This assumes that ldd libopen-pal.so doesn’t show OMPI to actually be linked 
against the external hwloc in both cases :-)


> On Dec 10, 2014, at 10:23 AM, Brice Goglin  wrote:
> 
> Unfortunately I don't think we have any way to know which process and
> hwloc version generates a XML so far. I am currently looking at adding
> this to hwloc 1.10.1 because of this thread.
> 
> One thing that could help would be to dump the XML file that OMPI
> receives. Just write the entire buffer to a file before passing it to
> hwloc, and send it to me in the broken case. If "lstopo -i file.xml"
> shows the warning, we'll know for sure it's coming from a old hwloc
> somewhere.
> 
> Brice
> 
> 
> 
> Le 10/12/2014 19:11, Ralph Castain a écrit :
>> Brice: is there any way to tell if these are coming from Slurm vs OMPI? 
>> Given this data, I’m suspicious that this might have something to do with 
>> Slurm and not us.
>> 
>> 
>>> On Dec 10, 2014, at 9:45 AM, Pim Schellart  wrote:
>>> 
>>> Dear Gilles et al.,
>>> 
>>> we tested with openmpi compiled from source (version 1.8.3) both with:
>>> 
>>> ./configure --prefix=/usr/local/openmpi --disable-silent-rules 
>>> --with-libltdl=external --with-devel-headers --with-slurm 
>>> --enable-heterogeneous --disable-vt --sysconfdir=/etc/openmpi
>>> 
>>> and
>>> 
>>> ./configure --prefix=/usr/local/openmpi --with-hwloc=/usr 
>>> --disable-silent-rules --with-libltdl=external --with-devel-headers 
>>> --with-slurm --enable-heterogeneous --disable-vt --sysconfdir=/etc/openmpi
>>> 
>>> (e.g. with embedded and external hwloc) and the issue remains the same. 
>>> Meanwhile we have found another interesting detail.
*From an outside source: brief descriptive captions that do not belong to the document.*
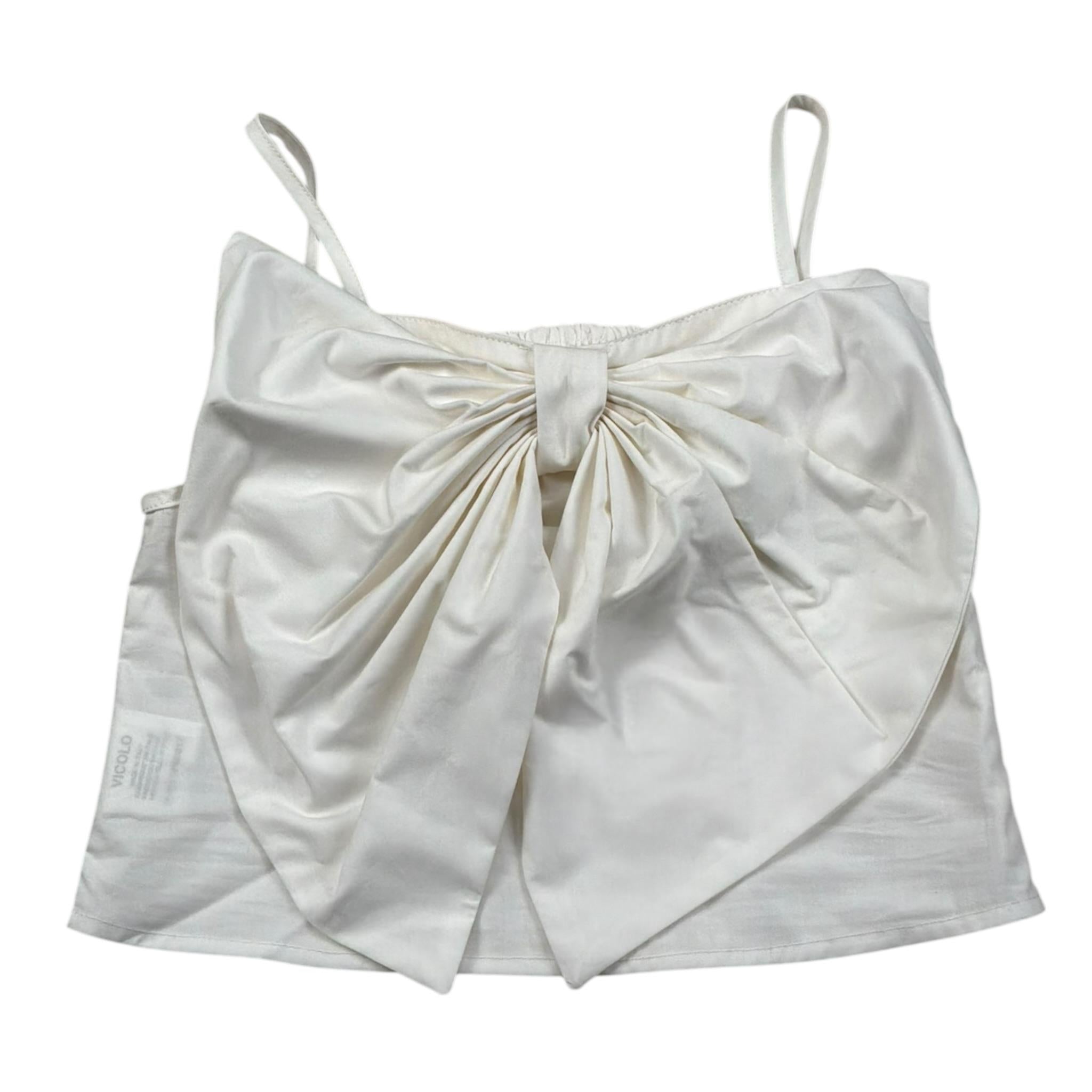 Vicolo Top Bretelline Tinta Unita con Fiocco per Bambina 3146TOP00317XX BIANCO VICOLO 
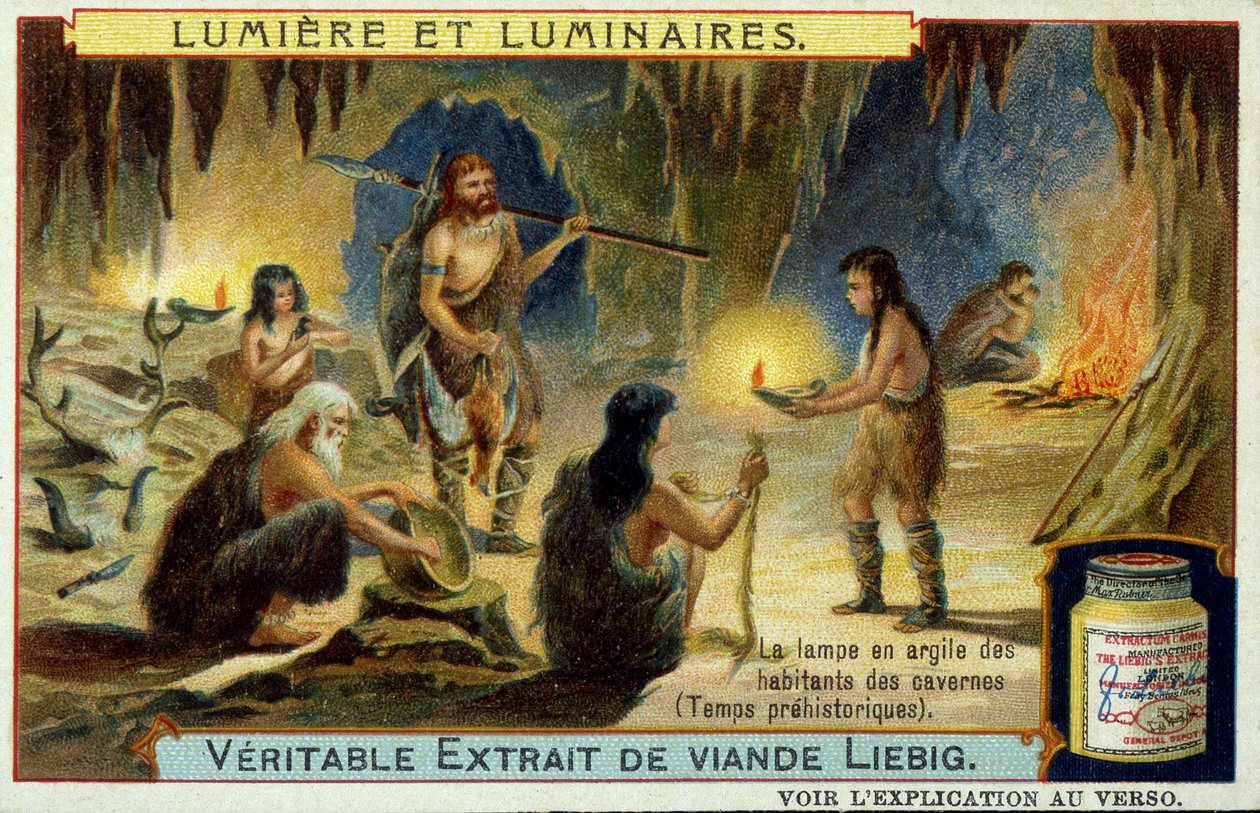 Licht und Leuchten: die Tonlampe der Höhlenbewohner in prähistorischen Zeiten. Illustration auf Liebig-Verpackungen. von Unknown artist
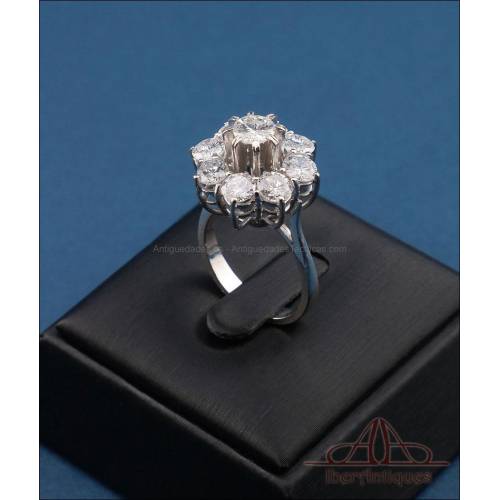 Rosette ring with 9 diamonds in 18K white gold, with certificate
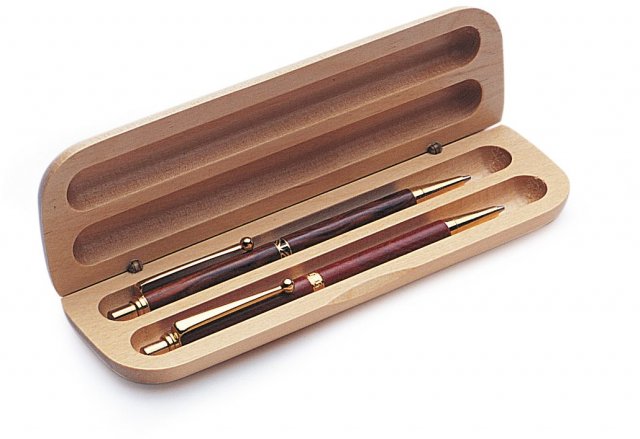 MPB02 - Large Maple Pen Box - Double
A job is started 
>>> consisting of four tasks split over two nodes. If this is the only job 
>>> running on those nodes the out-of-order warnings do not appear. However, if 
>>> multiple jobs are running the warnings do appear but only for the jobs that 
>>> are started later. We suspect that this is because for the first started 
>>> job the CPU cores assigned are 0 and 1 whereas they are different for the 
>>> later started jobs. I attached the output (including lstopo —of xml output 
>>> (called for each task)) for both the working and broken case again.
>>> 
>>> Kind regards,
>>> 
>>> Pim Schellart
>>> 
>>> 
>>> 
 On 09 Dec 2014, at 09:38, Gilles Gouaillardet 
  wrote:
 
 Pim,
 
 if you configure OpenMPI with --with-hwloc=external (or something like
 --with-hwloc=/usr) it is very likely
 OpenMPI will use the same hwloc library (e.g. the "system" library) that
 is used by SLURM
 
 /* i do not know how Ubuntu packages OpenMPI ... */
 
 
 The default (e.g. no --with-hwloc parameter in the configure command
 line) is to use the hwloc library that is embedded within OpenMPI
 
 Gilles
 
 On 2014/12/09 17:34, Pim Schellart wrote:
> Ah, ok so that was where the confusion came from, I did see hwloc in the 
> SLURM sources but couldn’t immediately figure out where exactly it was 
> used. We will try compiling openmpi with the embedded hwloc. Any 
> particular flags I should set?
> 
>> On 09 Dec 2014, at 09:30, Ralph Castain  wrote:
>> 
>> There is no linkage between slurm and ompi when it comes to hwloc. If 
>> you directly launch your app using srun, then slurm will use its version 
>> of hwloc to do the binding. If you use mpirun to launch the app, then 
>> we’ll use our internal version to do it.
>> 
>> The two are completely isolated from each other.
>> 
>> 
>>> On Dec 9, 2014, at 12:25 AM, Pim Schellart  
>>> wrote:
>>> 
>>> The version that “lstopo --version” reports is the same (1.8) on all 
>>> nodes, but we may indeed be hitting the second issue. We can try to 
>>> compile a new version of openmpi, but how do we ensure that the 
>>> external programs (e.g. SLURM) are using the same hwloc version as the 
>>> one embedded in openmpi? Is it enough to just compile hwloc 1.9 
>>> separately as well and link against that? Also, if this is an issue, 
>>> should we file a bug against hwloc or openmpi on Ubuntu for mismatching 
>>> versions?
>>> 
 On 09 Dec 2014, at 00:50, Ralph Castain  wrote:
 
 Hmmm…they probably linked that to the external, system hwloc version, 
 so it sounds like one or more of your nodes has a different hwloc rpm 
 on it.
 
 I couldn’t leaf thru your output well enough to see all the lstopo 
 versions, but you might check to ensure they are the same.
 
 Looking at the code base, you may also hit a problem here. OMPI 1.6 
 series was based on hwloc 1.3 - the output you sent indica

Re: [OMPI devel] hwloc out-of-order topology discovery with SLURM 14.11.0 and openmpi 1.6

2014-12-10 Thread Brice Goglin
Unfortunately I don't think we have any way to know which process and
hwloc version generates a XML so far. I am currently looking at adding
this to hwloc 1.10.1 because of this thread.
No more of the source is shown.